# [HOW TO COMPLETE THIS TASK]
Beginning at the line that contains "Gafas de Sol", reproduce the entries below exactly, ending with the line that contains "Guitarra electrica Ibanez SA32". Omit each picture.

# [DATA SUPPLIED]
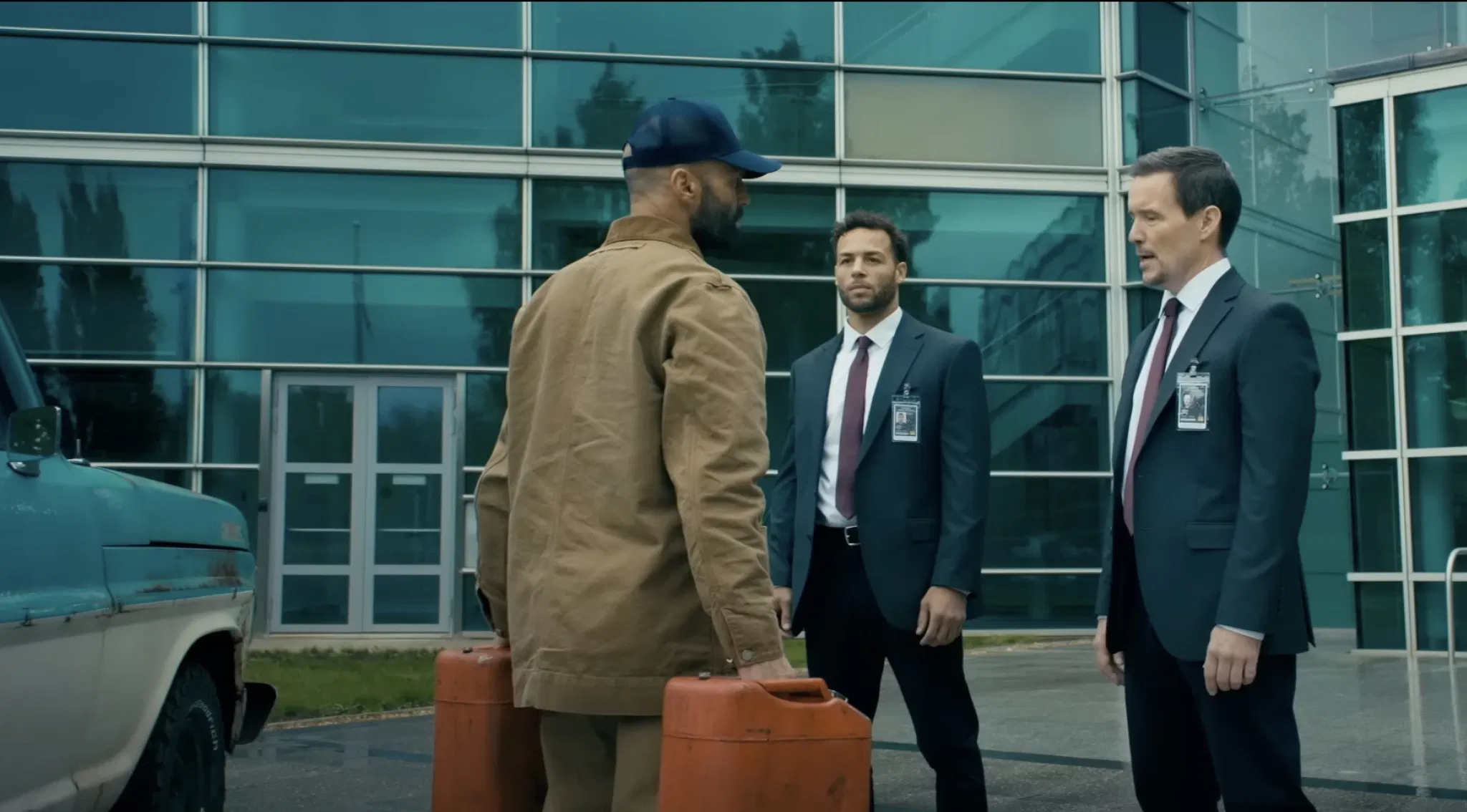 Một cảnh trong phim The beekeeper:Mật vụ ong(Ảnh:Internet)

* * *

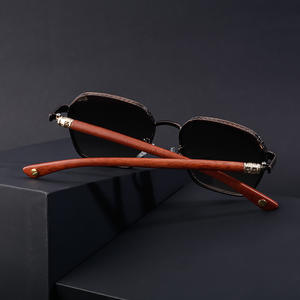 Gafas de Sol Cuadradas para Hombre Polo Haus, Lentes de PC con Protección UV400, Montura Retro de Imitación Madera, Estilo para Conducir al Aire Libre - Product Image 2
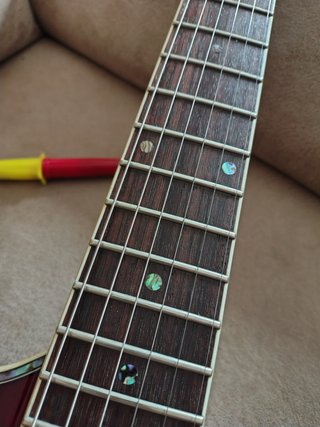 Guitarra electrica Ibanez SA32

# [COMPLETED TASK]
 Gafas de Sol Cuadradas para Hombre Polo Haus, Lentes de PC con Protección UV400, Montura Retro de Imitación Madera, Estilo para Conducir al Aire Libre - Product Image 2
 Guitarra electrica Ibanez SA32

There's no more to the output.